97.          Subitem 16(4) states that a certificate made under item 16 of Schedule 1 is not a ‘legislative instrument’ within the meaning of section 5 of the Legislation Act 2003 .  This provision is merely declaratory of the law and is included to assist readers.  The provision in no way purports to exempt the item from the requirements of the Legislation Act 2003 .

98.          Subitems 17(1) and (2) provides that once CAMAC’s operation ceases, references to CAMAC in instruments that were already in force at that time are to be read as references to the Commonwealth.  This preserves the operation of instruments despite the cessation of CAMAC.  It does not prevent the instrument from being terminated or varied after the cessation. 

99.          Instrument is defined as including a contract, undertaking, deed, agreement, notice, authority, order or instruction.  It also includes an instrument made under an Act or under regulations but does not include an Act or an instrument made under this Bill.  The Corporations Agreement 2002 is also excluded from the definition of ‘instrument’ to avoid the unworkable outcome that would result from references to CAMAC in that Agreement being read as references to the Commonwealth. 

100.      Subitem 17(3) provides that in order to ensure that the substitution does not create an inappropriate outcome, the Treasury Minister may make rules specifying particular instruments or references in instruments are not treated in accordance with subitem 17(1) of Schedule 7, meaning that a reference or references to CAMAC in an instrument are retained.

101.      Subitem 17(4) provides that the rules must be registered in accordance with the Legislation Act 2003 .  Despite subsection 12(2) of the Legislation Act 2003 (which provides for when legislative instruments may take effect) rules made by the Treasury Minister pertaining to references in instruments may take effect from a day before the rules are registered.  They may not, however, take effect before the cessation of CAMAC.   

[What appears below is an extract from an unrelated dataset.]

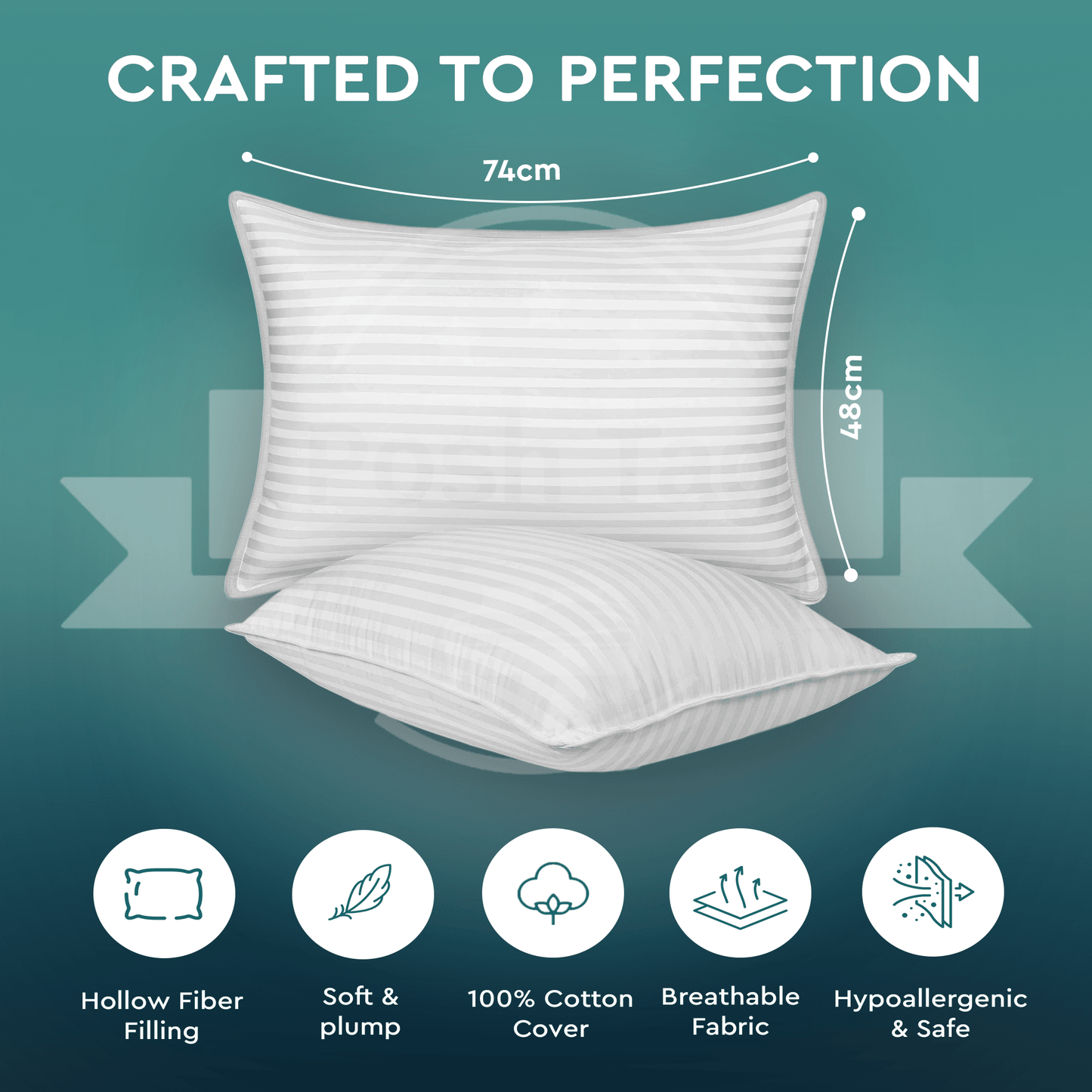Pack of 2 Stripe Hotel Quality Bed Pillows – Original Down Alternative Pillows for Sleeping, Soft Support for Back, Stomach & Side Sleepers - Posh Tag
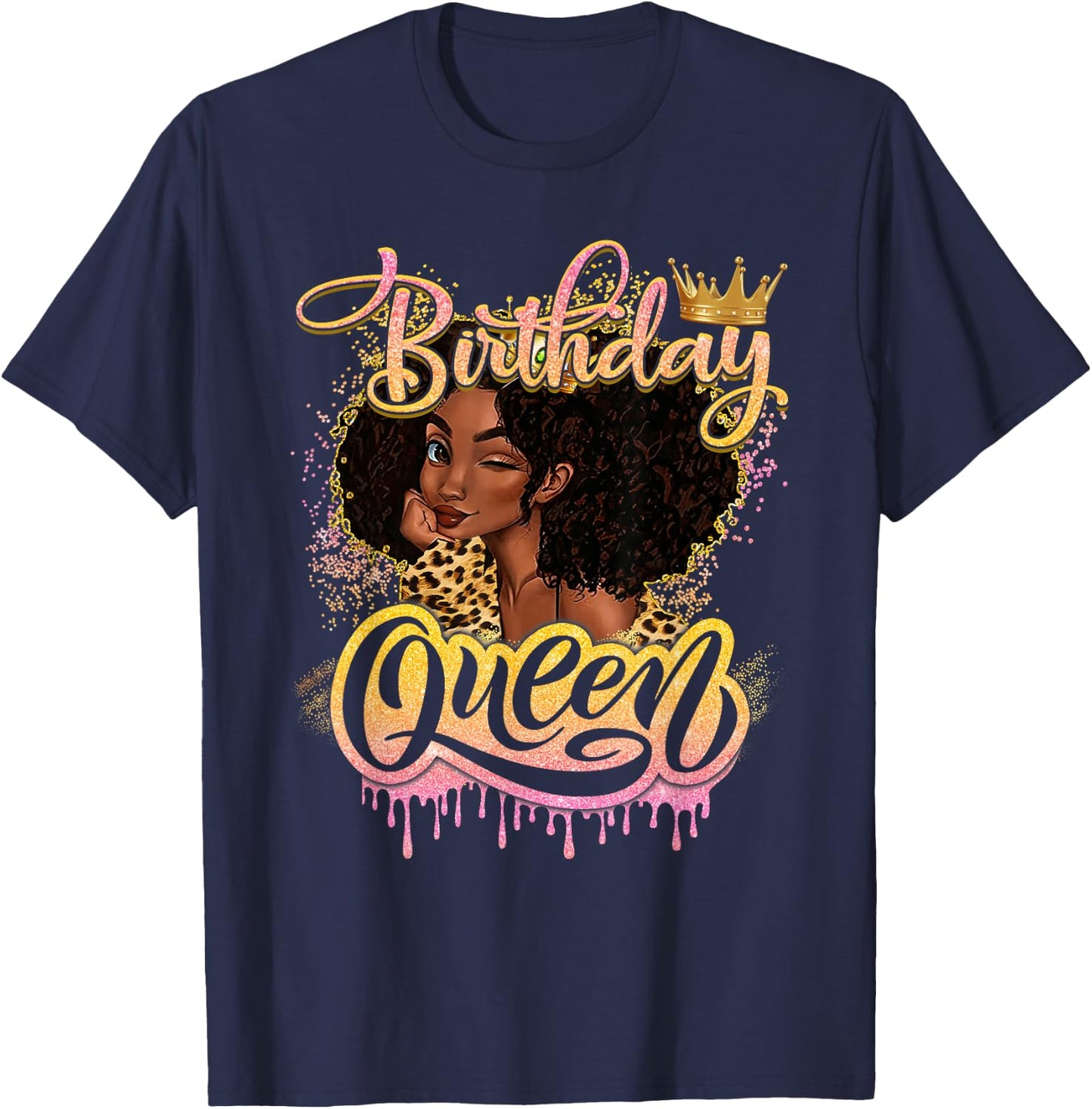 Melanin Birthday African American Afro Girls Women T-Shirt - T-Shirt | Navy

102.      Subitem 18(1) provides that except in the case of the operation of the Ombudsman Act 1976 once CAMAC’s operation ceases, anything done by or in relation to CAMAC before it is abolished will be treated as if it had been done by, or in relation to, the Commonwealth.

103.      Subitem 18(2) provides that for the purpose of the operation of the Ombudsman Act 1976 after the cessation of CAMAC, action taken by or in relation to CAMAC prior to the cessation is taken to have been done by or in relation to the Treasury. 

104.      As the Commonwealth Ombudsman (the Ombudsman) is not empowered to investigate complaints about the Commonwealth, this provision substitutes the Department (being Treasury) rather than the Commonwealth for CAMAC.

105.      If, at the commencement time, a complaint had been made to the Ombudsman about action taken by or in relation to CAMAC, or the Ombudsman had commenced an investigation into action taken by or in relation to CAMAC, then the Ombudsman Act 1976 applies after CAMAC ceases as if the relevant action had been taken by or in relation to the Treasury.  This item also allows new complaints to be made and dealt with after CAMAC’s operation ceases, again substituting ‘the Treasury Department’ for ‘CAMAC’.

106.      Subitem 18(3) provides that in order to ensure that the substitution in subitem 18(1) does not create an inappropriate outcome, the Treasury Minister may make rules specifying:

·     particular things which are not treated in accordance with subitem 18(1) of Schedule 7 meaning that things done by or in relation to CAMAC before its cessation will continue to be treated as having been done by or in relation to CAMAC, despite its cessation; or

·     particular things which are treated in accordance with subitem 18(1), but instead of substituting the Commonwealth for CAMAC, a person identified in the rules is substituted for CAMAC.

107.      Allowing the Treasury Minister to make exceptions in rules provides flexibility to avoid a situation where treating a thing as having been done by the Commonwealth would create an absurd, unworkable or unintended outcome.

108.      Subitem 18(4) provides that similar to rules relating to references in instruments, despite subsection 12(2) of the Legislation Act 2003 , rules made by the Treasury Minister pertaining to things done by or in relation to CAMAC may take effect before the rules are registered.  However, they may not take effect before the cessation of CAMAC. 

109.      Item 19 provides that once CAMAC ceases, the Commonwealth is substituted for CAMAC as a party to any proceedings that were pending in any court or tribunal and to which CAMAC was a party.  This provision ensures that any existing litigation is not affected by the cessation of CAMAC. 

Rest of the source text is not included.